DIRECTIONS: Print the data that follows again, keeping every line exact.

RECORDS TO PROCESS:

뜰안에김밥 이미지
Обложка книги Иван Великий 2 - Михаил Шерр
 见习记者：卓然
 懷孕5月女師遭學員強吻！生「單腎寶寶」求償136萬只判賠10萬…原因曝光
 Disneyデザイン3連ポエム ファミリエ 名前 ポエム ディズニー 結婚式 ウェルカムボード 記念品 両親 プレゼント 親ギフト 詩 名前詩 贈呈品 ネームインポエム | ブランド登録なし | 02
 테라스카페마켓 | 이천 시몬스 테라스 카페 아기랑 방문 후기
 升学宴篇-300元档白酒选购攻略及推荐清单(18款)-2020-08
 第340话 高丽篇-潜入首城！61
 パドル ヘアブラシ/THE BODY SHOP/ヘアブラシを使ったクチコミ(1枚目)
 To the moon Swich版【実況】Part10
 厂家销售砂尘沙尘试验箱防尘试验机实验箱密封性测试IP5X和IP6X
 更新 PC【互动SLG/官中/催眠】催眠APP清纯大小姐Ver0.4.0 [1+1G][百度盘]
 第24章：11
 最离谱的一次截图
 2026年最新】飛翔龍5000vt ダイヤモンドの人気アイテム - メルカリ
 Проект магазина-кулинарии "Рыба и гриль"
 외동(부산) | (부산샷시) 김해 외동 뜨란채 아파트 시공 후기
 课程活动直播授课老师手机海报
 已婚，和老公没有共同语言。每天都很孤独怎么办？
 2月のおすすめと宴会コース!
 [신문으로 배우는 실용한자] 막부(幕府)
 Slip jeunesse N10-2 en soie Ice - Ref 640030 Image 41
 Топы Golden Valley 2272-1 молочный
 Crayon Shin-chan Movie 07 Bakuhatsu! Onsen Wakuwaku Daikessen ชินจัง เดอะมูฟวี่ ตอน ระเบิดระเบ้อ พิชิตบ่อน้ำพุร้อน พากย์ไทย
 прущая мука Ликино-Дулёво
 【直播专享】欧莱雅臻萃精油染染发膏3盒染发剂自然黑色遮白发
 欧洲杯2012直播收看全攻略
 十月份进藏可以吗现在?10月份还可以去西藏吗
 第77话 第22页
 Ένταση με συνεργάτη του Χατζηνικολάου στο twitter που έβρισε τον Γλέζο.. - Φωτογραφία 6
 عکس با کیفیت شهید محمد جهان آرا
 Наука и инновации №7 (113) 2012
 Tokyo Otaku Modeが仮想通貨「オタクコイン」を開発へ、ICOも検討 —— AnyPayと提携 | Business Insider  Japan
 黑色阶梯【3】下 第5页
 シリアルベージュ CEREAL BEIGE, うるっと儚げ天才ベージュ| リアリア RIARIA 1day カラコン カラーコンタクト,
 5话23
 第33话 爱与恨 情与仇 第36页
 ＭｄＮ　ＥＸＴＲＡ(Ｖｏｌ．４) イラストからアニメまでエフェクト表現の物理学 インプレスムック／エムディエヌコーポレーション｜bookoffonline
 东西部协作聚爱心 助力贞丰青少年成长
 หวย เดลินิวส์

RESULT OF THE TASK:
뜰안에김밥 이미지
Обложка книги Иван Великий 2 - Михаил Шерр
 见习记者：卓然
 懷孕5月女師遭學員強吻！生「單腎寶寶」求償136萬只判賠10萬…原因曝光
 Disneyデザイン3連ポエム ファミリエ 名前 ポエム ディズニー 結婚式 ウェルカムボード 記念品 両親 プレゼント 親ギフト 詩 名前詩 贈呈品 ネームインポエム | ブランド登録なし | 02
 테라스카페마켓 | 이천 시몬스 테라스 카페 아기랑 방문 후기
 升学宴篇-300元档白酒选购攻略及推荐清单(18款)-2020-08
 第340话 高丽篇-潜入首城！61
 パドル ヘアブラシ/THE BODY SHOP/ヘアブラシを使ったクチコミ(1枚目)
 To the moon Swich版【実況】Part10
 厂家销售砂尘沙尘试验箱防尘试验机实验箱密封性测试IP5X和IP6X
 更新 PC【互动SLG/官中/催眠】催眠APP清纯大小姐Ver0.4.0 [1+1G][百度盘]
 第24章：11
 最离谱的一次截图
 2026年最新】飛翔龍5000vt ダイヤモンドの人気アイテム - メルカリ
 Проект магазина-кулинарии "Рыба и гриль"
 외동(부산) | (부산샷시) 김해 외동 뜨란채 아파트 시공 후기
 课程活动直播授课老师手机海报
 已婚，和老公没有共同语言。每天都很孤独怎么办？
 2月のおすすめと宴会コース!
 [신문으로 배우는 실용한자] 막부(幕府)
 Slip jeunesse N10-2 en soie Ice - Ref 640030 Image 41
 Топы Golden Valley 2272-1 молочный
 Crayon Shin-chan Movie 07 Bakuhatsu! Onsen Wakuwaku Daikessen ชินจัง เดอะมูฟวี่ ตอน ระเบิดระเบ้อ พิชิตบ่อน้ำพุร้อน พากย์ไทย
 прущая мука Ликино-Дулёво
 【直播专享】欧莱雅臻萃精油染染发膏3盒染发剂自然黑色遮白发
 欧洲杯2012直播收看全攻略
 十月份进藏可以吗现在?10月份还可以去西藏吗
 第77话 第22页
 Ένταση με συνεργάτη του Χατζηνικολάου στο twitter που έβρισε τον Γλέζο.. - Φωτογραφία 6
 عکس با کیفیت شهید محمد جهان آرا
 Наука и инновации №7 (113) 2012
 Tokyo Otaku Modeが仮想通貨「オタクコイン」を開発へ、ICOも検討 —— AnyPayと提携 | Business Insider  Japan
 黑色阶梯【3】下 第5页
 シリアルベージュ CEREAL BEIGE, うるっと儚げ天才ベージュ| リアリア RIARIA 1day カラコン カラーコンタクト,
 5话23
 第33话 爱与恨 情与仇 第36页
 ＭｄＮ　ＥＸＴＲＡ(Ｖｏｌ．４) イラストからアニメまでエフェクト表現の物理学 インプレスムック／エムディエヌコーポレーション｜bookoffonline
 东西部协作聚爱心 助力贞丰青少年成长
 หวย เดลินิวส์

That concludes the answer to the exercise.